Most employment contracts should have a “notice period”, whereby either employer or employee may terminate the employment contract by providing the specified notice (or by making payment in lieu of that notice).
Why do we need Notice Period in Employment contracts?
- May want the resigning employee completes their outstanding
- Assist with Handover and Transition
- May need a buffer time to plan and search for other source of income or a new job
However, there are also situations where an employee will resign with “immediate effect” and stop showing up to work, despite the notice period in the contract.
“What happens if an employee resigns without serving the contractual notice period? “
Employer may recover a sum of money equal to the salary that the employee would have earned during the notice period. This is often referred to as a “payment in lieu of notice”, or an “indemnity” for the notice period.
- Employee X’s monthly salary is RM 8,000
- Employee X’s employment contract states that he may terminate his employment by providing 1 months’ notice, or making payment in lieu of notice
- Employee X resigns on 1 January 2019
- Under his contract, he is therefore contractually required to serve notice until1 February 2019
- Employee X says that his resignation is efffective immediately and he does not turn up to work after resigning
Since Employee X has failed to serve his 1-month notice, he is required to make payment to his employer in lieu of that notice (i.e.: RM8,000.00 representing 1 month of his salary)

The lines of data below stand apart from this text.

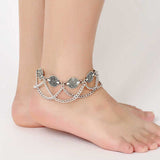 Bohemian Vintage Bells Ankle Bracelet Foot Jewelry Summer Beach Barefoot Sandals Charms Anklet Women Legs Accessories 1pcs daiiibabyyy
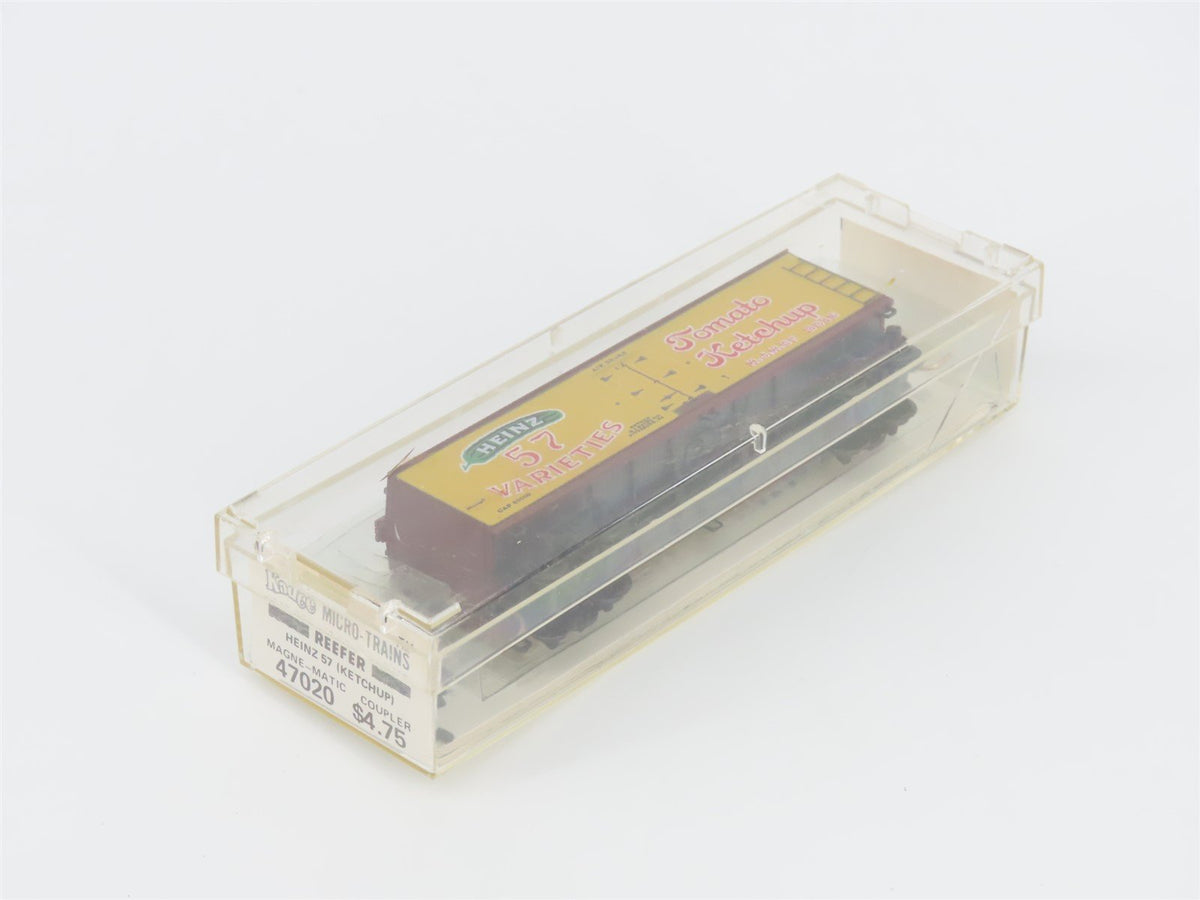 N Scale Kadee Micro-Trains MTL 47020 HJHC Heinz 57 Ketchup 40&#39; Reefer #3016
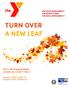 TURN OVER A NEW LEAF Fall Program Guide HARRISON COUNTY YMCA. Session I SEPT. 5-OCT. 14 Session II OCT. 16-NOV. 25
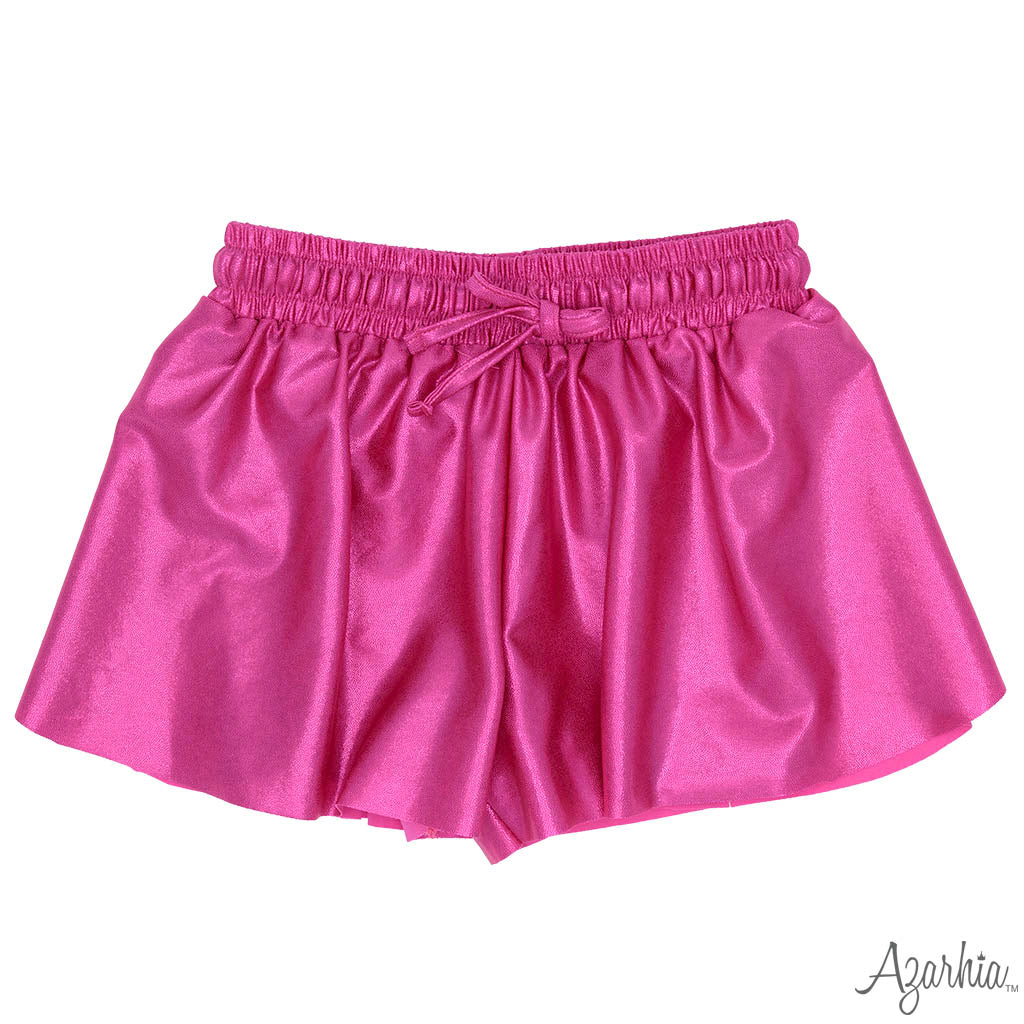 Shimmer Butterfly Short in Hot Pink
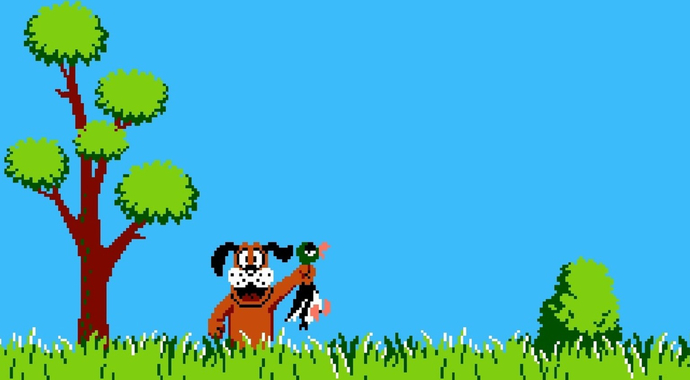 Duck Hunt was cool until that joker laughed.
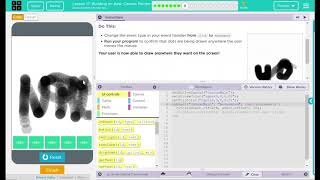 Unit 5 - Lesson 17 #8: Drawing On mousemove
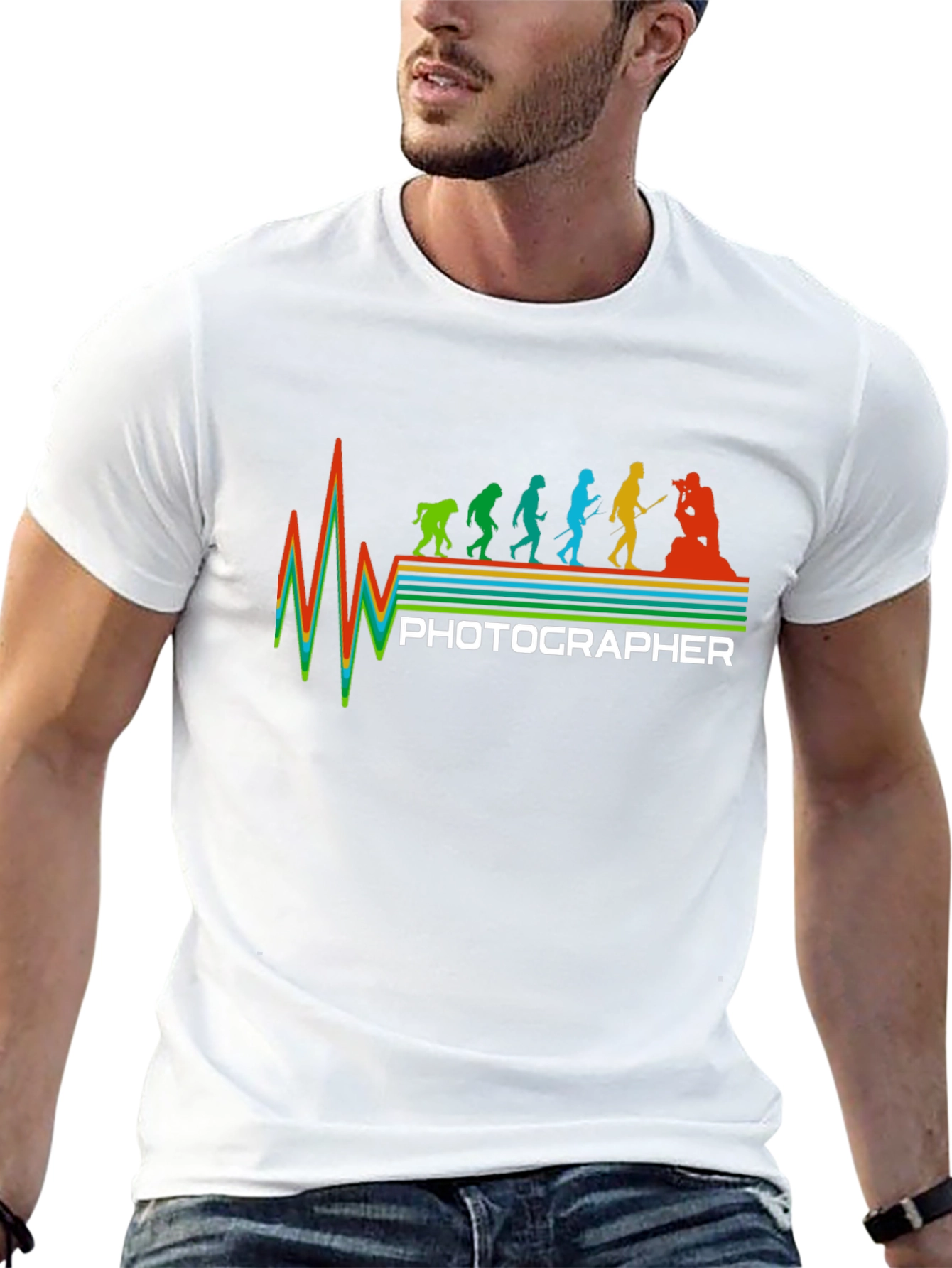 Photographer Evolution T-Shirt - Unique Gift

Employer has two options to recover payment in lieu of notice from their errant employees, through the Labour Court, or the Civil Court depends on the amount of the employee’s monthly salary:
- Does not exceed RM 5,000.00 (Labour Court); and
- Exceeds RM 5,000.00 (Civil Action in Civil Court)
- If the employee’s monthly salary does not exceed RM 5,000.00, the employer is able to recover the payment in lieu of notice
- Through the labour court pursuant to Section 69(2)(iii) of the Employment Act 1955
- Inquiries by the Director General of Labour
- No filing fees involved in recovering an amount through the Labour Court
The procedures involved are also relatively less formal compared to legal proceedings in the civil court. However, as there are no specific timelines under the Employment Act 1955, delays may occur. Any decision by the Labour Court may be appealed to the High Court.
- If the employee’s monthly salary above RM 5,000.00, the employer may take legal action against the employee for breach of contract, due to the employee’s failure to make payment in lieu of notice.
- If the employer is successful in their claim, they will have a court judgment which can be enforceable against the employee.
- Employer should also consider issuing a letter of demand before any commencing legal action against their employees
- A letter of demand will establish the intention of the employer to recover the payment in lieu of notice
- Some employees will opt to settle the payment in lieu of notice rather than risk a legal action being filed against them
Most of the time, the notice period issue is only looked at from the lens of an employee, whether employee has been given enough notice of termination.
However, it should not be overlooked that employers similarly have rights to ensure that a resigning employee complies with their contractual obligations. An abrupt resignation or abandonment of employment can cause an employer loss and damage as there would be an unplanned vacancy.